For someone who had already had a lunch suitable for four people at least, she surprised even herself by ordering a foot long bacon and cheese baguette from Subway and a dozen doughnuts from Dunkin' Doughnuts. It was matched by Michelle, whose appetite had been continuing to improve as the year had progressed but still was dwarfed by that of the ever-expanding Eva. 

Meal deposed of into their bulging bellies, they set about finding something for the party the following day. Michelle found a daring red silk figure hugging dress that had a low cut neckline to show off her new deep cleavage. The dress clung to all her new bulges - and none more so than her flabby ass that you could see swaying as she walked. 

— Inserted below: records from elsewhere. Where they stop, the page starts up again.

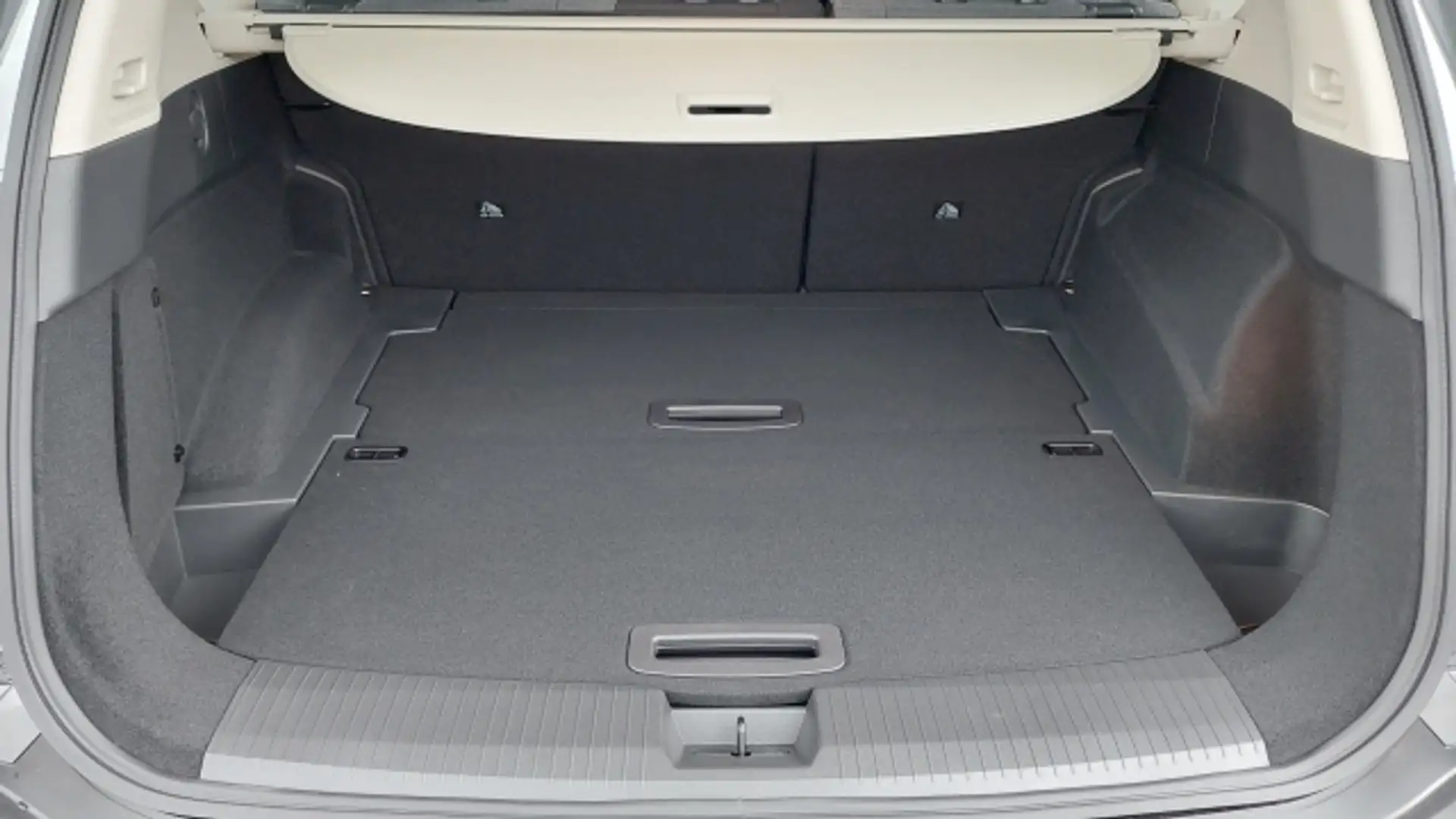 Vehicle image, number 6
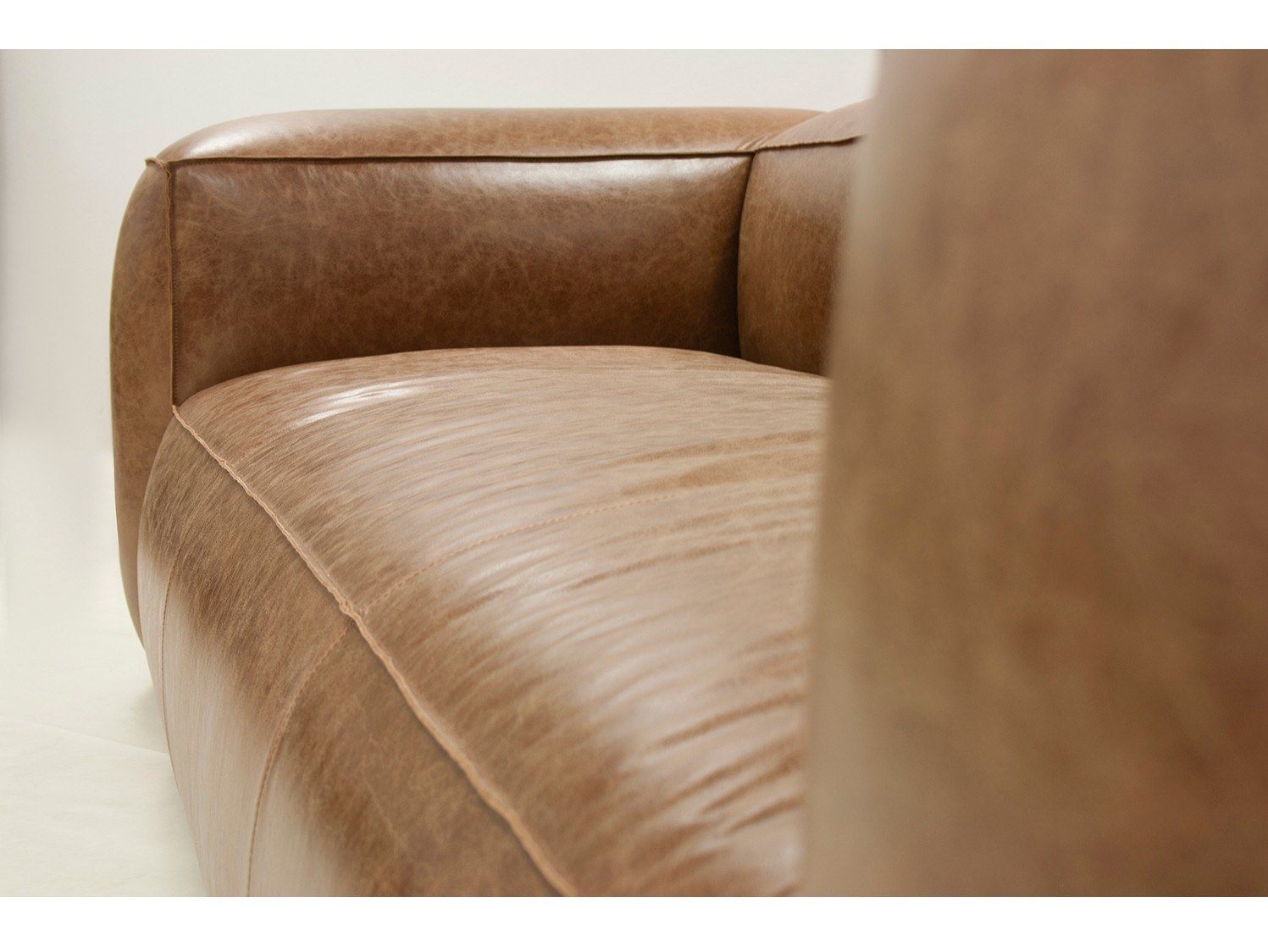 3-местный кожаный диван CREARTE COLLECTIONS Marlon Contemporain ARCH-00133564 - Вид №9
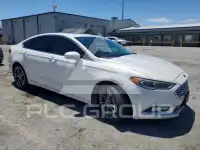 2017 Ford FUSION фото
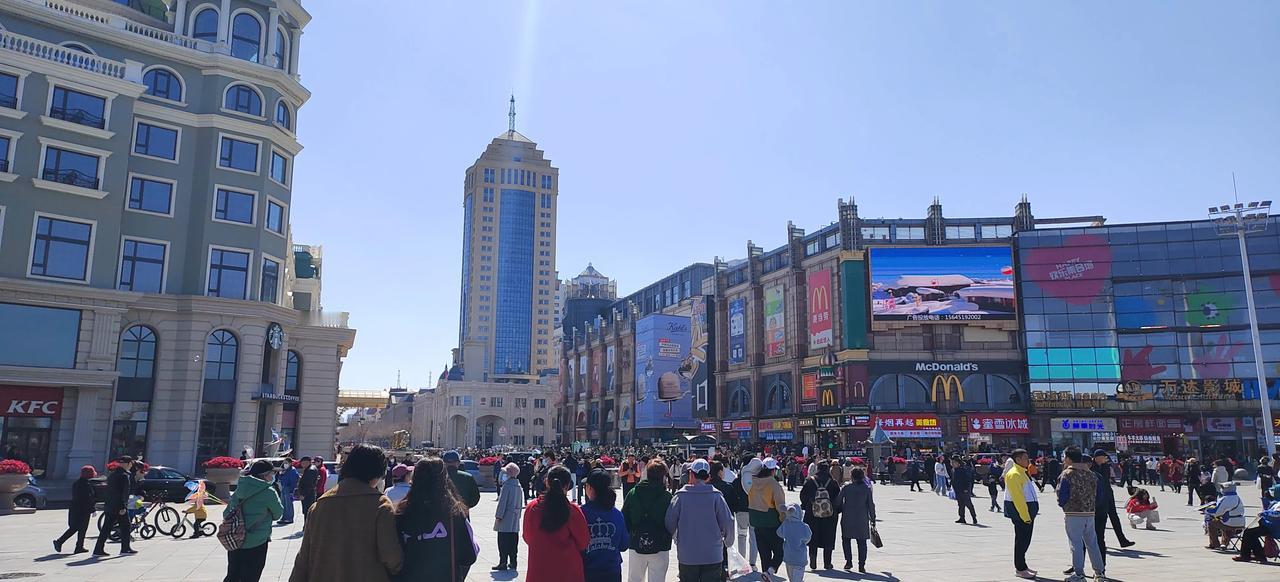 单位女生多真是八卦啊，有一个女同事就特别欠！总问单位的小姑娘处对象的事，就连人家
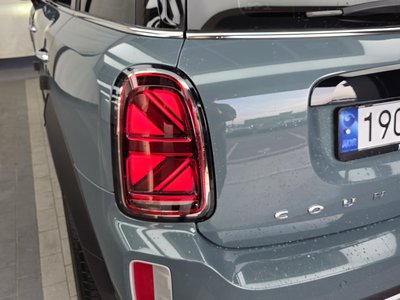 MINI COUNTRYMAN - 10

For Eva, the job of finding something to wear on these nights out was becoming an ever-increasing problem. Her immense size was making it hard to find decent fancy clothes that fit. Finally, she found a Lane Bryant store that as least catered better than most for her size while still keeping quite stylish. She chose a smart blue dress, which showed her curves off rather than looking like a tent. 

Gone were the days when she would show off all her deep cleavage in public, but the dress gave a little sneak preview with a slight slit down the front to anyone whom may be interested. While she was out, she also purchased a fresh set of baggy clothes to replace the pre-exam ones, which had become figure hugging. 

Clothes shopping out the way, the girls went looking for CDs, make-up and books for the trips home. By the time they had finished, it was late afternoon, and Eva suggested a quick coffee before they went back. Of course, Eva's coffee came with a selection of four different pastries, and Michelle, who had not had two lunches, settled for one, not wanting to feel totally left out. 

That evening, feeling a little lethargic, the girls decided rather than go out they would just stay in and save themselves for the following night. So when they got back Michelle ordered some pizza. Eva being Eva, decided that she wanted three family sizes, one pepperoni, one Hawaiian and one four seasons. Michelle sprung for a regular meat-feast. 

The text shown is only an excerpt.